Investigators at the scene of the crash in northern Mali concluded
the McDonnell Douglas MD-83 aircraft broke apart when it smashed
into the ground early on Thursday morning, the officials said,
suggesting this meant it was unlikely to have been the victim of an
attack.
"French soldiers who are on the ground have started the first
investigations," French President Francois Hollande told reporters.
"Sadly, there are no survivors."
The death toll, initially announced as 116, was revised up to 118
after a final passenger manifest was issued. An earlier count of 51
French nationals among the dead was also raised to 54 by the French
Foreign Ministry to include those with dual nationality.

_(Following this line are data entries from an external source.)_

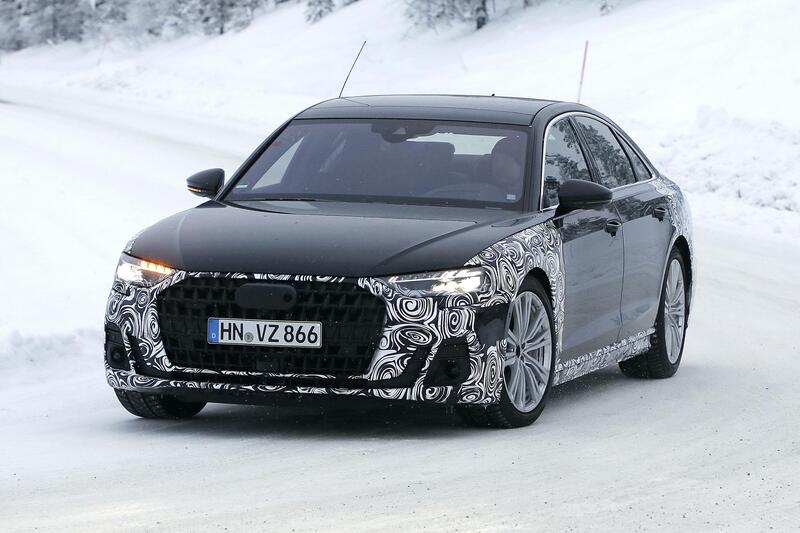 Audi A8 restyling, le foto spia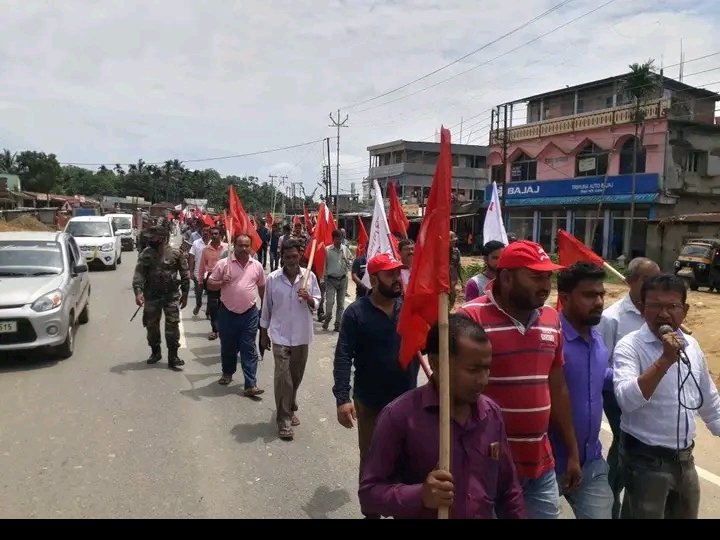 SKumarghat's tweet photo. #SFI_TSU_DYFI_TYF_AIKS_TKMU

কেন্দ্রীয় সরকারের নয়া 'অগ্নিপথ প্রকল্পের বিরুদ্ধে আজ কুমারঘাটের রাজপথ দখল নিল বাম ছাত্রযুবরা ।।
ঠিকা সৈনিক নিয়োগের বিরুদ্ধে এই গর্জমান যৌবনের হুঙ্কারে আকাশ বাতাস ভারি হয��ে ওঠে কুমারঘাটের রাজপথ ।।

#sfitsutripura
@SfiTripura @Sfitripurastate https://t.co/OlYTgxa9am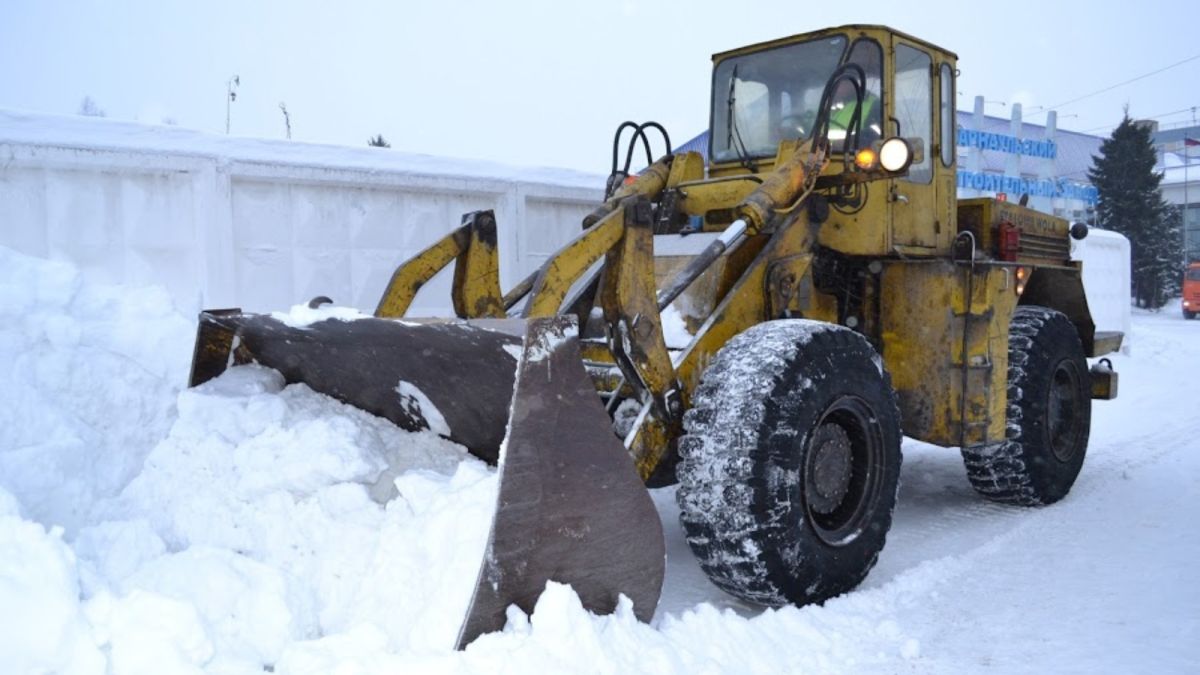 Дорожные службы Барнаула готовы к усиленной работе из-за штормпрогноза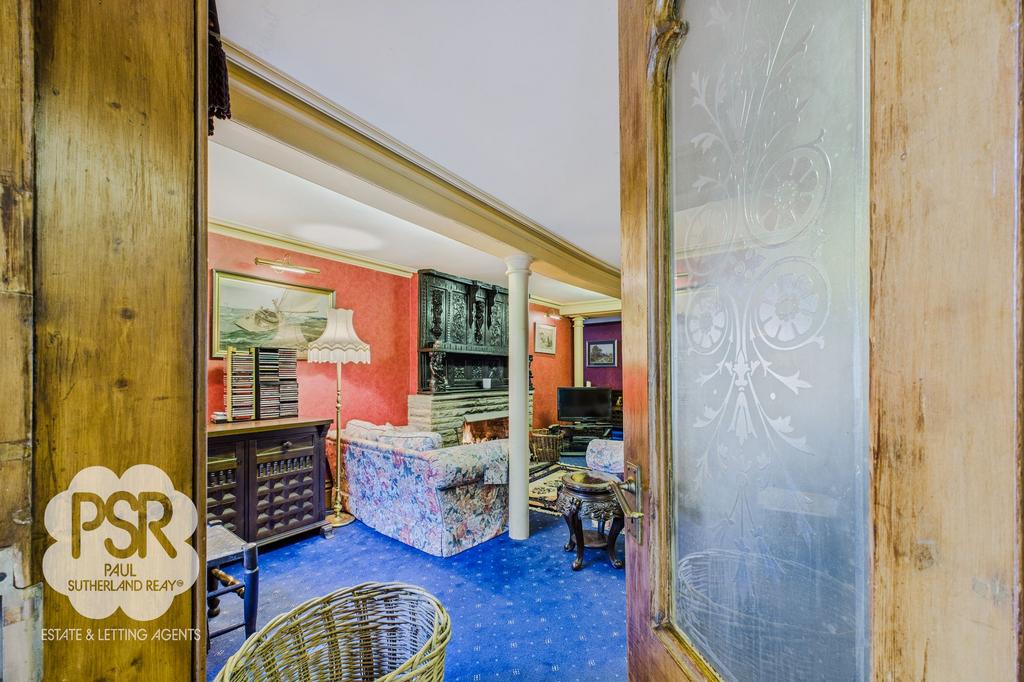 Into the Entrance Dining Hall
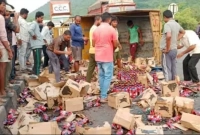 উল্টে গেল বিয়ার বোঝাই ট্রাক, সাহায্যের নামে লুঠলো স্থানীয়রা (ভিডিওসহ)
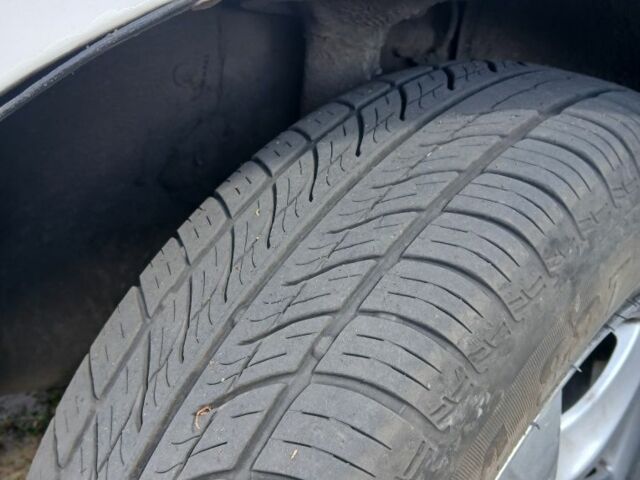 Фиат Добло 2006 в Кролевце на Automoto.ua Белый Фиат Добло, объемом двигателя 1.2 л и пробегом 273 тыс. км за 5341 $, фото 4 на Automoto.ua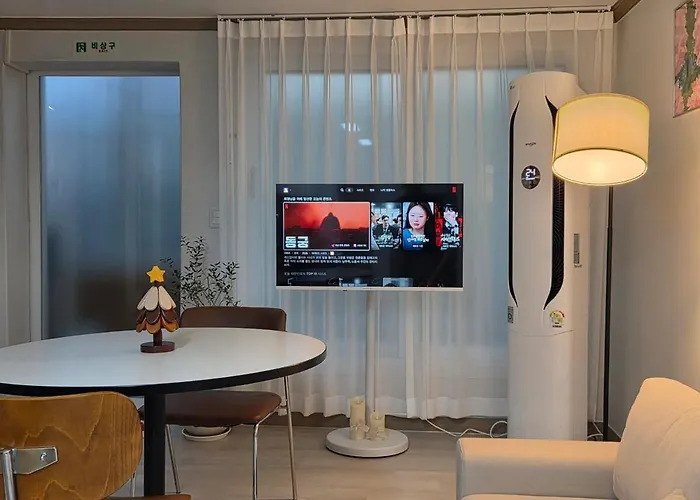 Appartamento Korean Life, Dressing Room, 3 Beds, 8 Minutes To The Station, Long-term Stay, Airport Bus, Washing Machine, Dryer, Yeouido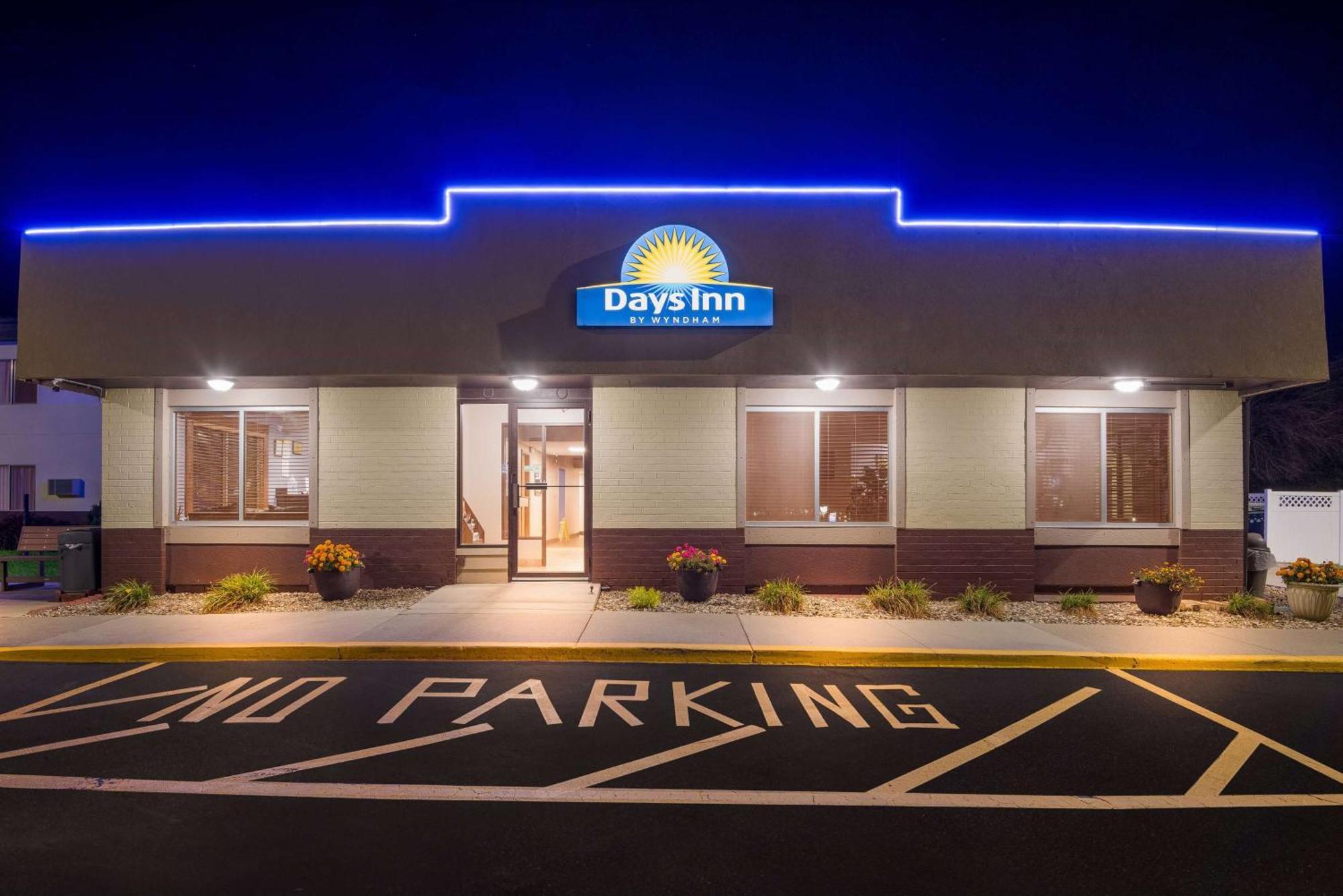 Days Inn By Wyndham Нютън Екстериор снимка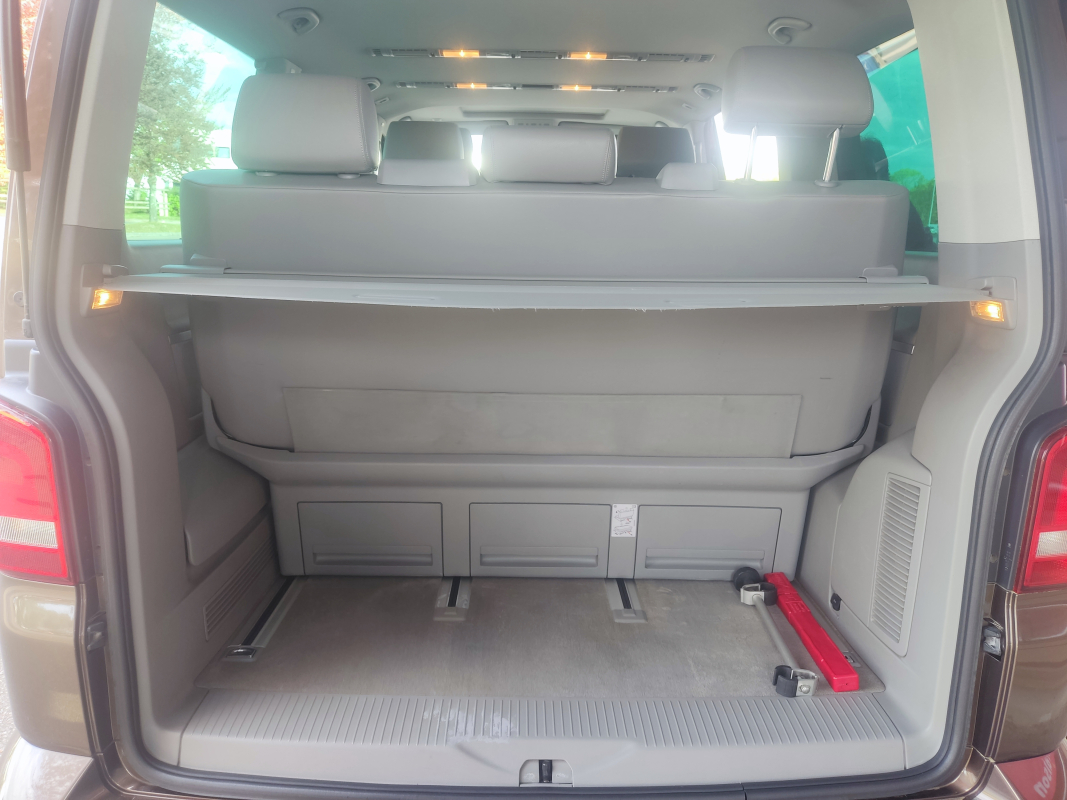 Volkswagen Multivan — 19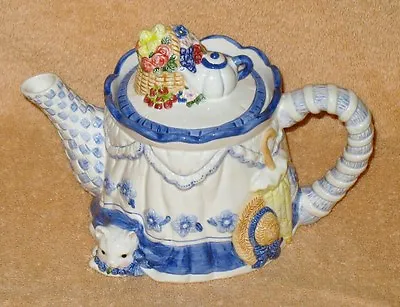 $24.99 • Buy Avon Blue Rose Collection Cat Teapot Kitten Under Tablecloth New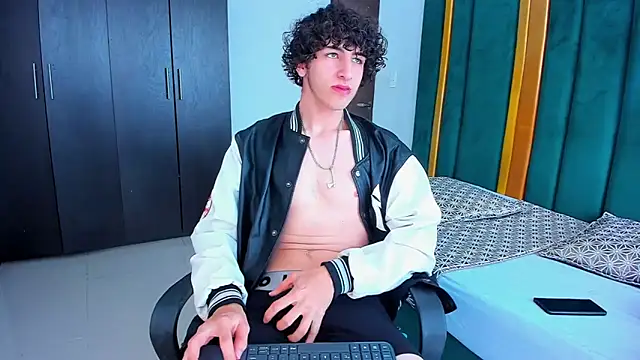 Kerverr  online show from 09-09-25, 03:33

French, Malian and Dutch soldiers from a U.N. peacekeeping force
(MINUSMA) secured the crash site, which lies about 80 km (50 miles)
south of the northern Malian town of Gossi, near the Burkina Faso
border.
Burkina Faso President Blaise Compaore visited the remote site on
Friday to express his condolences. Photos on his official Facebook
page showed him walking solemnly past scraps of clothing and gnarled
sheets of metal. France sent troops to Mali last year to halt an al Qaeda-backed
insurgency and has about 1,600 soldiers based in Mali, mostly in the
northern city of Gao. French officials said there were no signs of
insurgent activity in the area of the crash.
Malian authorities said they were opening an international inquiry
into flight AH5017, which crashed less than an hour after it left
the Burkinabe capital Ouagadougou en route for Algiers. Aviation
authorities lost contact with the flight at around 0155 GMT on
Thursday, shortly after the pilot requested to change course due to
a storm.
Hollande said one of the black box flight recorders had been
recovered and would be analyzed.
"The plane's debris is concentrated in a small area but it is too
early to draw conclusions," he said. "There are theories, especially
the weather, but I'm not excluding any theory."
SCATTERED DEBRIS
French Foreign Minister Laurent Fabius said the crash site covered
an area of about 300 meters by 300 meters and was an arduous
six-hour drive from Gossi, making it difficult for forensic teams to
reach it. International police agency Interpol said it was deploying
a team to help identify the victims, who came from 15 different
countries. Remains recovered at the site would first be taken to Gao
before being repatriated "as quickly as possible", Fabius said.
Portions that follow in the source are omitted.